Fundamental breach confuses
For the London Free Press – October 29, 2007
For more than fifty years, contract law has been haunted by the spectre of fundamental breach.
From its inception in the law courts of the United Kingdom in the 1950s it was controversial. In essence, it is a way for courts to look beyond a contract, or at least not to enforce limitation of liability clauses contained in a contract, to provide a remedy for very serious contractual breaches.
Regardless of the theory, we simply need to remember that no-one can hide behind a limitation of liability clause in a contract if they don’t perform at all, or fail miserably — even if the limitation clause is a typical one.

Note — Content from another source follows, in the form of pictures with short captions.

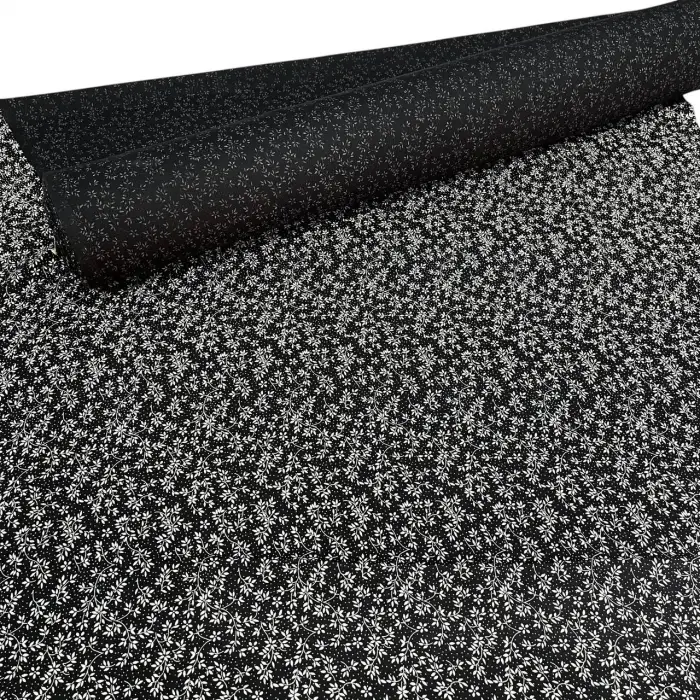 Yeni Sezon Tek En İthal Pamuk Viskon Kumaş (90 cm) (VSK01-236)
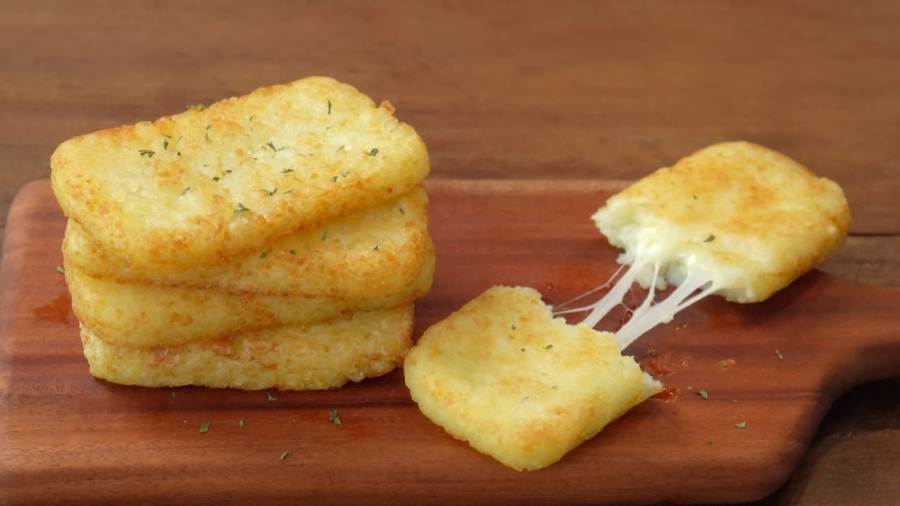 طرز تهیه غذای پنیری با طعمی بی نظیر :: آموزش آشپزی آسان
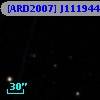 [ARD2007] J111944.9+212908.0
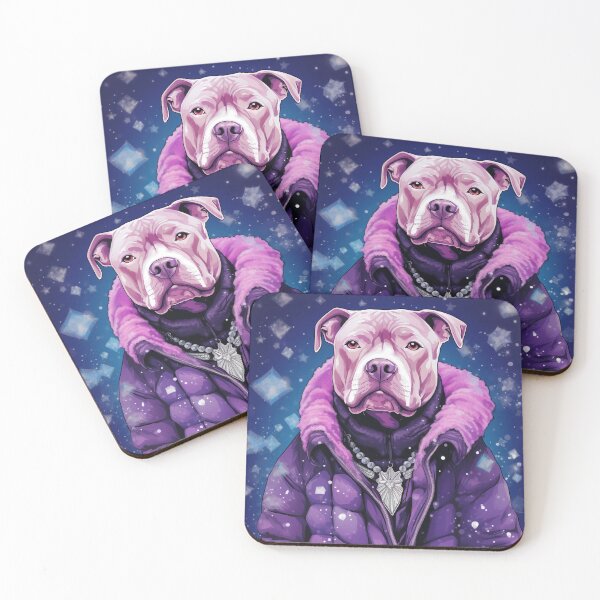 Item preview, Staffy Fashionista designed and sold by Nocturne  Paws.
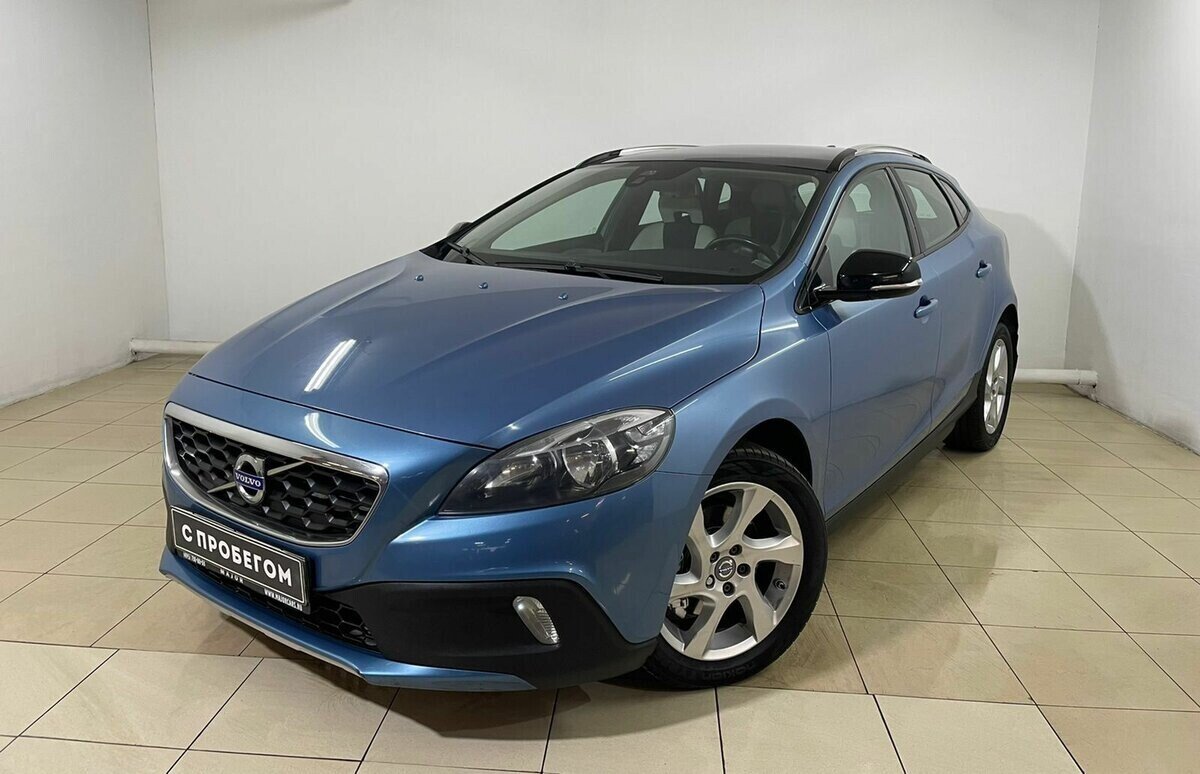 Volvo V40 Cross Country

In more technical terms, if a party commits a radical breach of a contract — then uses an exculpatory clause to take all the benefits of the contract but none of the burdens — the courts will prohibit that party from relying on that exculpatory clause irrespective of how clearly it is drafted, because to do so would be unfair to the other contracting party.
To this day, legal theorists and even judges are unable to agree exactly what amounts to a fundamental breach of contract, or if such a thing should even exist.
In a recent article in the Canadian Bar Review entitled Return of the undead: fundamental breach disinterred, Richard F. Devlin, Associate Dean at Dalhousie Law School, looks at how the principle seems to stick around despite efforts by some judges to eliminate fundamental breach as a concept of Canadian contract law.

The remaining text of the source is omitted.